Pan Miluś: What you observe about movies is definitely true overall. I do strongly recommend one movie which virtually never comes up in these discussions of Easter-themed movies:
Cookie's Fortune, which has the odd distinction of being a Robert Altman movie which hardly anyone saw. It's one I watch every Easter season. It's set over the Easter weekend, and someone is wrongly imprisoned, and someone dies, and there's loads of Easter imagery without any sentimentality or Christian Network-style Jesus crap (I speak as a church-going Christian!). A dark comedy, but a very upbeat one. Watch for the climactic fishing scene (cf. John 21). And the definition of family.

(4) I don't mind the transparent disguises, but I am annoyed in a minor way by the Easter joke of smashed colored eggs leading to splatted raw egg everywhere. WHO COLORS RAW EGGS? They're colored, they should be hard-boiled! (Or blown out, but that doesn't apply to regular Easter eggs in this culture, and still obviates the splat-joke.) This comedic trope bothered even child-me. It's not funny if it Wouldn't Ever Happen!

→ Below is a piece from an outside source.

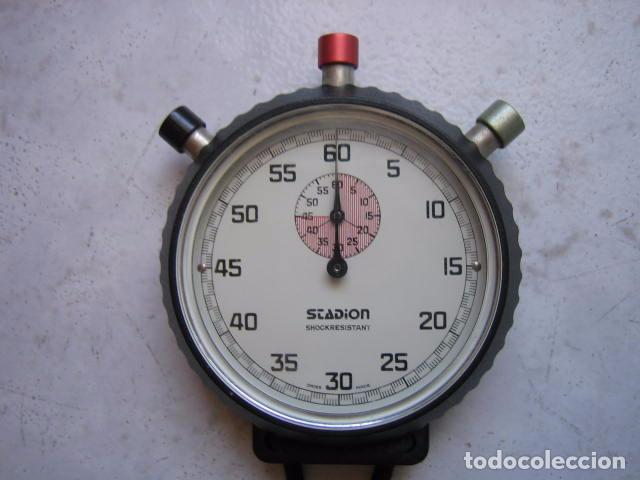 Relojes autom&aacute;ticos: Reloj fon&oacute;grafo Stadion. Funciona - Foto 3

April 3, 2026 at 8:02 PM  
Anonymous Elaine said...

(5) Now, to my favorite Easter-related Duck stories! Runner-up is the Hedman/Vicar "Hot-Choc Donald" (you may have trouble bringing that up in Inducks, because of the hyphen)...which is essentially an Easter remake of Barks's Weemite story (Donald in rocket with something that is super-heated on re-entry), but a fun one. Winner is "A Páscoa É Nossa", a Brazilian story by Anonymous, which I have in German. Scrooge gets the monopoly on Easter chocolates, and Daisy fights the capitalist overlords (the story title means "Easter Is Ours!") by organizing the production of homemade Easter chocolates (control over the means of production!), which leads (through no fault of Daisy's) to the neighborhood being filled with giant chocolate bubbles, a very lovely and Eastery visual. So it's got female-power, resistance to the oligarchs, *and* Big Chocolate Bubbles. What's not to love?

April 3, 2026 at 8:18 PM  
Anonymous Elaine said...

p.s. on my comment #2: so the stampeding children may be acting out of fear of quarantine (boredom and isolation), as much as fear of illness.

April 3, 2026 at 8:45 PM  
Blogger Pan Miluś said...

I must check that move. Thanks, Elaine. I think you also make a good point. Even if we look at Christmas movies or stories that include religious elements (even as a token cameo), I think it’s much easier to sell a secular audience the image of the Nativity scene as a cozy depiction of a baby being born in winter, surrounded by warmth, love and cute animals. Even if one don’t believe in it or assign any spiritual significance, it’s still a pleasant and charming image.

…versus the Crucifixion (and the complex meaning behind why it had to happen). Us wacky Christians are used to it, but I get why people wouldn’t want to see that in their feel-good springtime movie/story/Disney comic.